Je préfère aborder les motivations qui déclenchent l’envie de s’investir dans les actions bénévoles. Les psychologues ont distingué 6 catégories de motivation : la compréhension du monde ( découverte de la nouveauté ; compréhension d’une situation économique, politique, socio-économique ; les valeurs morales ( solidarité, altruisme, conviction politique … ), l’amélioration de l’image de soi ( sentiment d’utilité, estime de soi … ), la socialisation ( besoin d’appartenance, liens humains, reconnaissance par autrui, identité sociale … ), la carrière ( entrer dans un secteur professionnel, première expérience, se constituer un réseau … ) et la lutte contre l’ennui, le mal-être et la solitude.

Sans remettre totalement en cause cette classification ( après tout, qui suis-je pour contester les travaux d’experts en psychologie ? ), je la trouve un peu stéréotypée si on la prend au pied de la lettre. Difficile de considérer qu’une personne n’appartient qu’à une seule catégorie.

En ce qui me concerne,  j’ai choisi de devenir bénévole pour diverses raisons. Je suis plutôt dans l’action et aime me sentir utile. Je souhaitais aussi apporter ma contribution en aidant les gens qui en ont le plus besoin et rester ancrée dans la réalité. J’aime comprendre ce qui se passe autour de moi, même si j’ai parfois été le témoin d’une réelle souffrance psychologique.  J’ai du mal à concevoir que l’on puisse fermer les yeux sur ce qui nous entoure.

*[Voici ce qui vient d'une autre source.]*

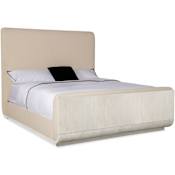 Hooker Furniture Modern Mood King Metal and Oak Panel Bed Frame with Upholstered Headboard Diamond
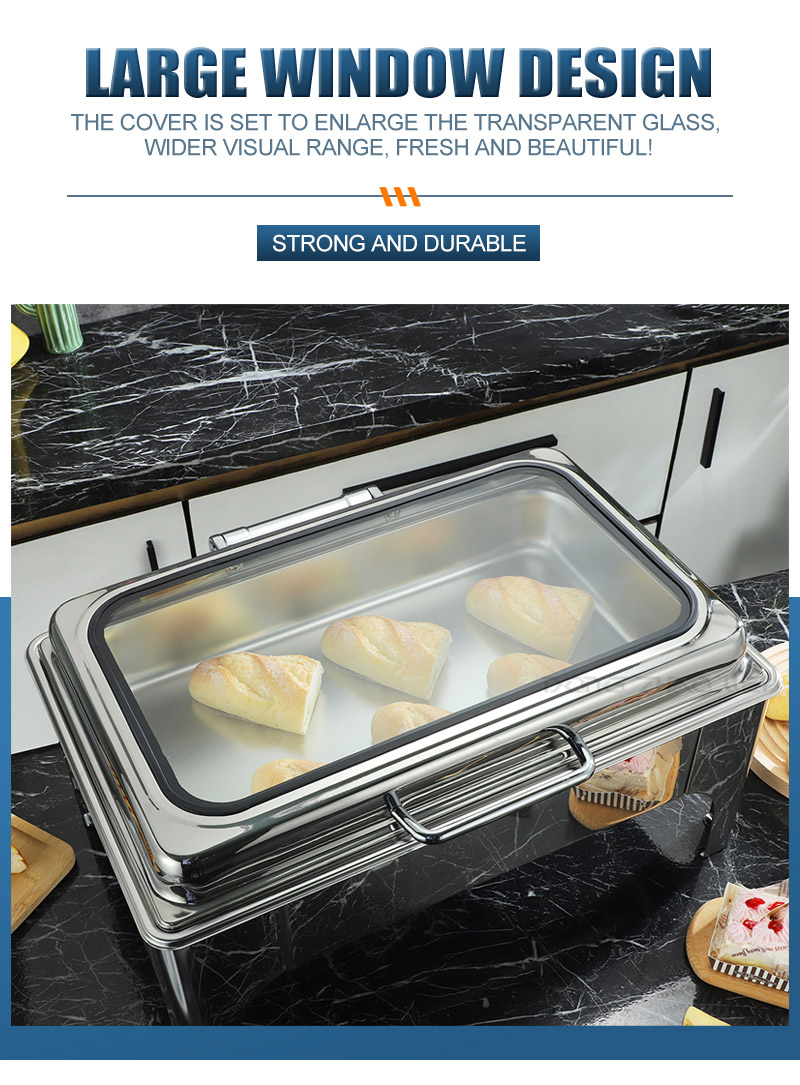 Elegant 9L Stainless Steel Buffet Food Warmer Chafing Dish Set for Catering and Restaurant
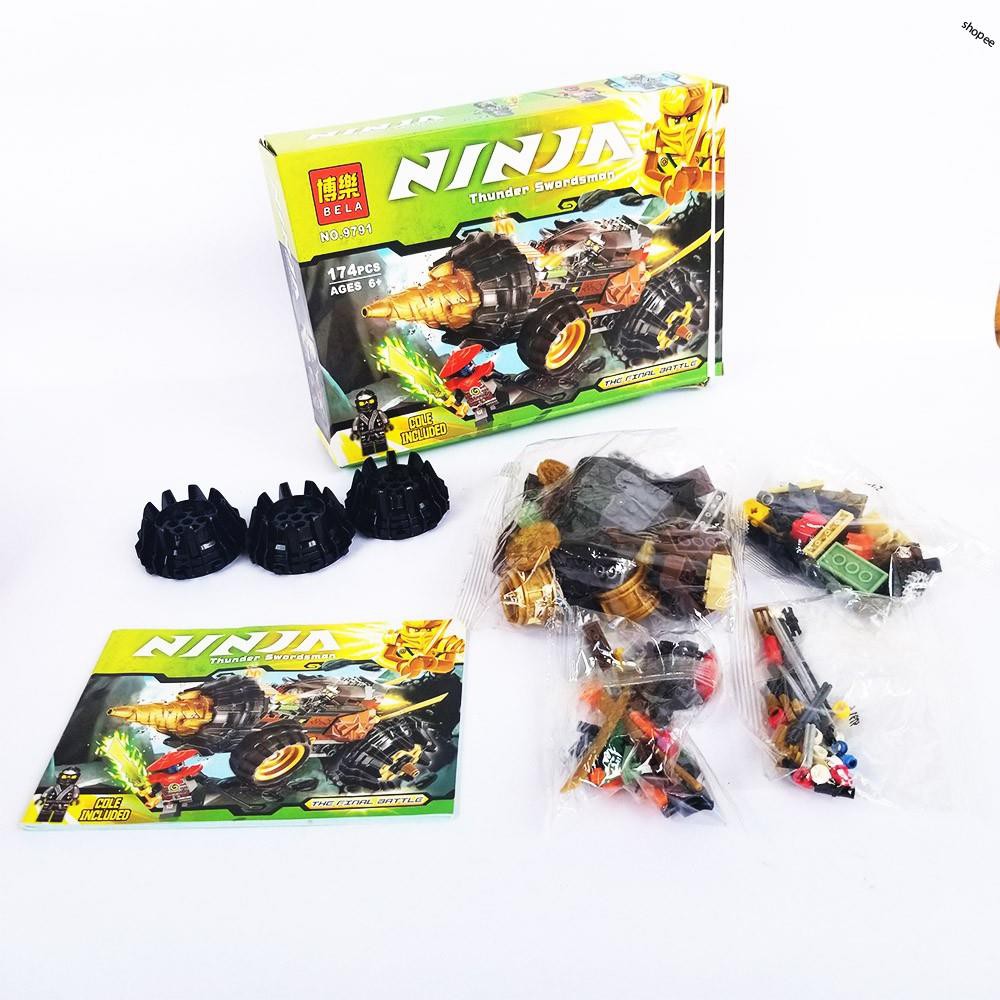 [ Lego ninjago ] ⚡ Ảnh thật ⚡ Lego đồ chơi BELA 9791 cỗ máy chiến đấu của Cole gồm 174 mảnh ghép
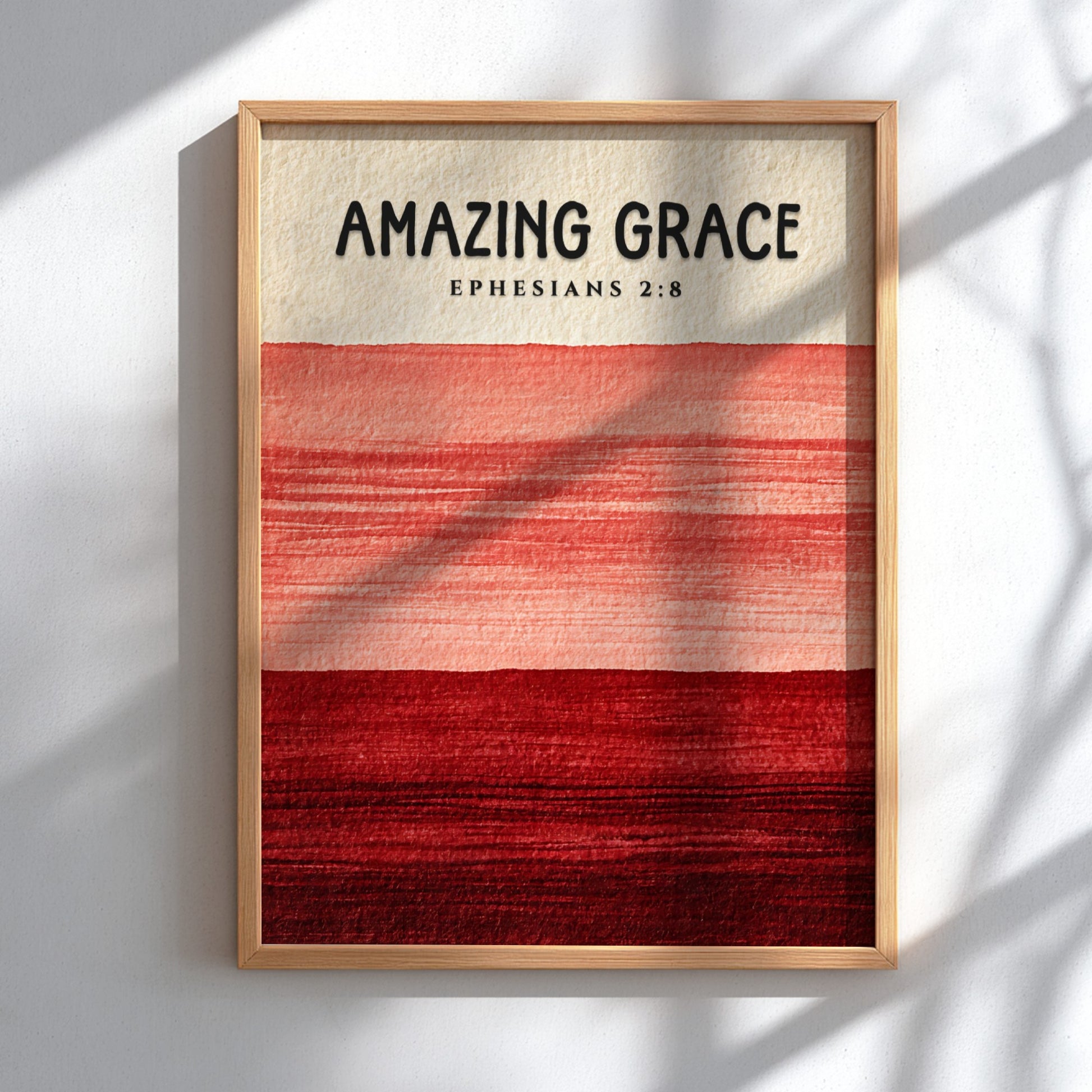 Amazing Grace poster featuring soft gradient colors and Ephesians 2:8 text, perfect for religious wall decor.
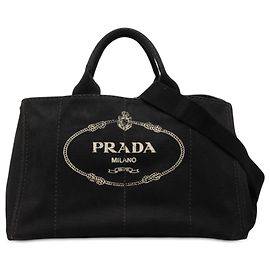 Sac cabas satchel Prada Large Canvas Canapa Logo Noir Noir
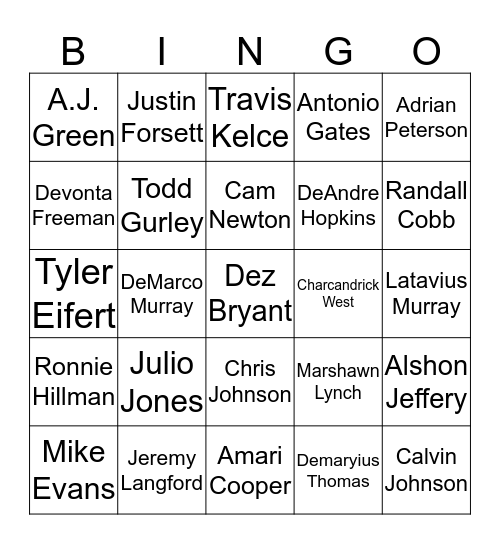 Week 11 NFL Bingo Card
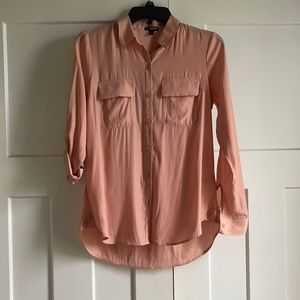 Express Pink Button-down Top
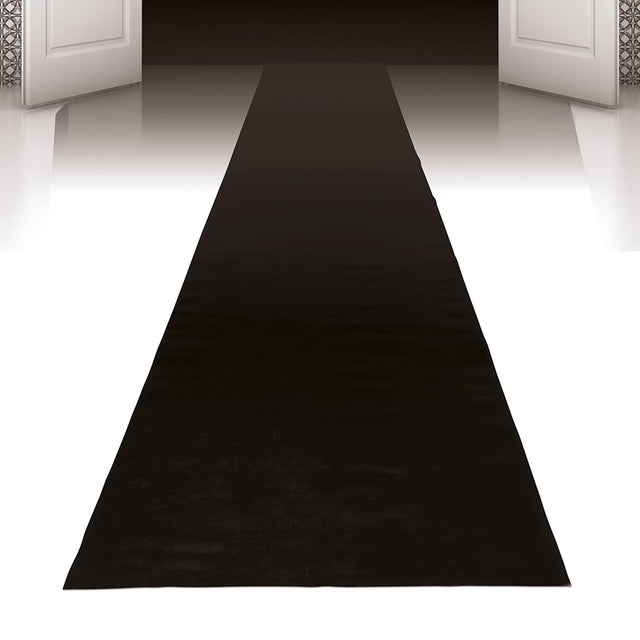 Black polypropylene rug 450 x 60 cm, durable and modern area carpet, packaged in a box.
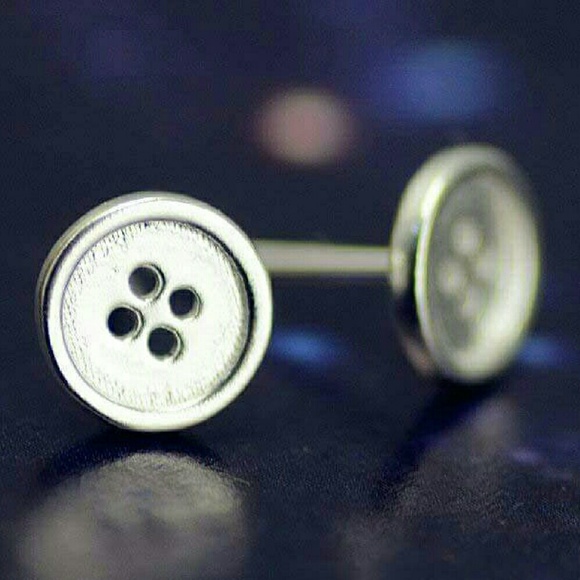 25% off Bundles! Adorable Silver Button Earrings
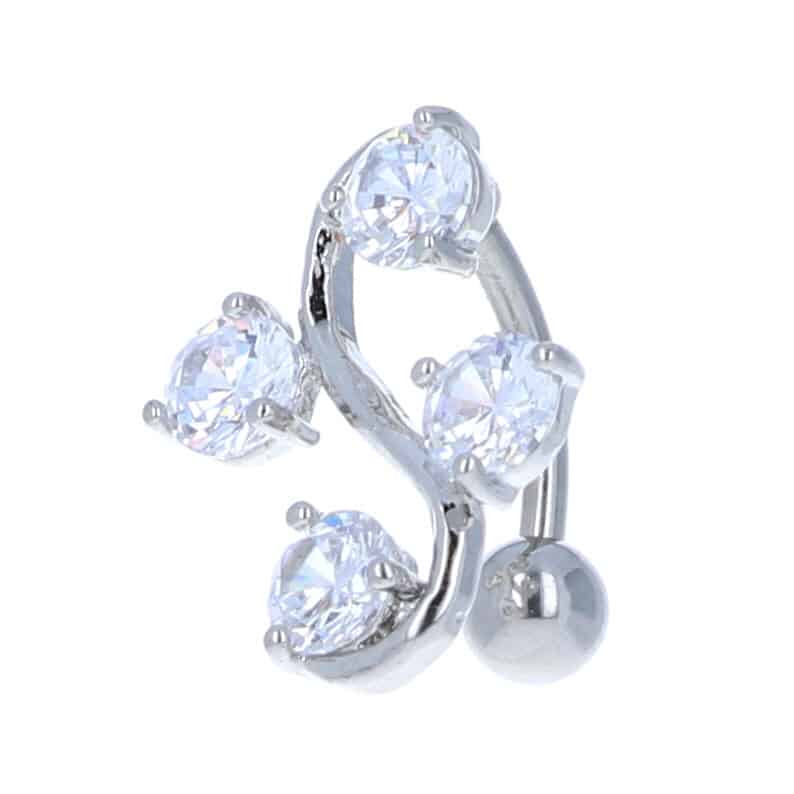 navel-belly-stud-curved-barbell-inverted-top-hanging-surgical-steel-rose-gold-plated-titanium-fancy-four-jewel-s-steel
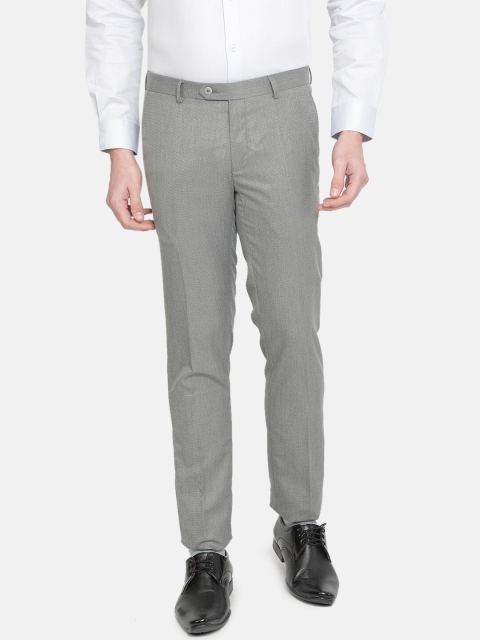 

J Hampstead Men Grey Regular Fit Solid Formal Trousers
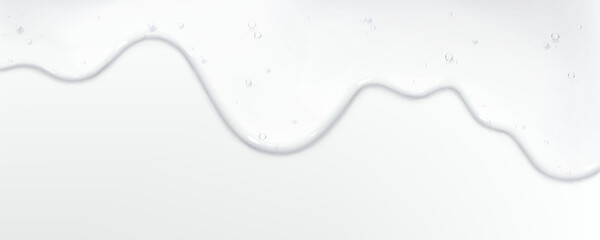 White gel liquid drip flowing down - viscous cosmetic cream texture, smooth glossy substance with wavy stream pattern for skincare product, beauty serum or moisturizer lotion advertising background.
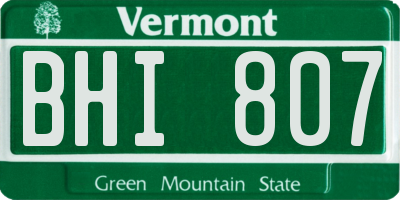 VT license plate BHI807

Je m’investis aussi au sein de SNC parce que je suis sensible à la cause qui y est défendue. Je le suis pour d’autres sujets mais en ayant travaillé dans le recrutement et le service public de l’emploi, il m’a paru naturel d’aider les chercheurs d’emploi dans leurs démarches. La cause défendue par l’association ayant un lien étroit avec les ressources humaines, je ne cache pas que j’ai choisi SNC pour des raisons plus personnelles. En effet, je vois mon expérience bénévole comme un moyen d’entretenir, d’élargir mon réseau et d’acquérir de nouvelles compétences.

Enfin, je trouve que la société fait beaucoup d’amalgames au sujet du chômage. Ce n’est un secret pour personne que certains profitent des aides de l’Etat mais d’autres, dont les médias ne parlent jamais assez, souffrent de ne pas trouver de travail et d’être considérés comme des glandeurs. J’en ai moi-même fait l’expérience au cours de ma ( très courte ) période de chômage. Etant arrivée trop en avance à un entretien d’embauche, j’ai décidé de passer le temps en lisant dans un parc. Quelqu’un m’a demandé si ça ne me gênait pas de me la couler douce à 10h du mat’.

Un demandeur d’emploi profite non seulement du système mais n’a pas le droit d’être heureux. Beaucoup ne le sont pas à l’idée de s’inscrire à Pôle Emploi et quand certains prennent leur période d’inactivité avec philosophie, on leur reproche d’abuser des aides de l’Etat et de ne pas chercher de travail. Et si les choses n’étaient pas aussi simples que ça ?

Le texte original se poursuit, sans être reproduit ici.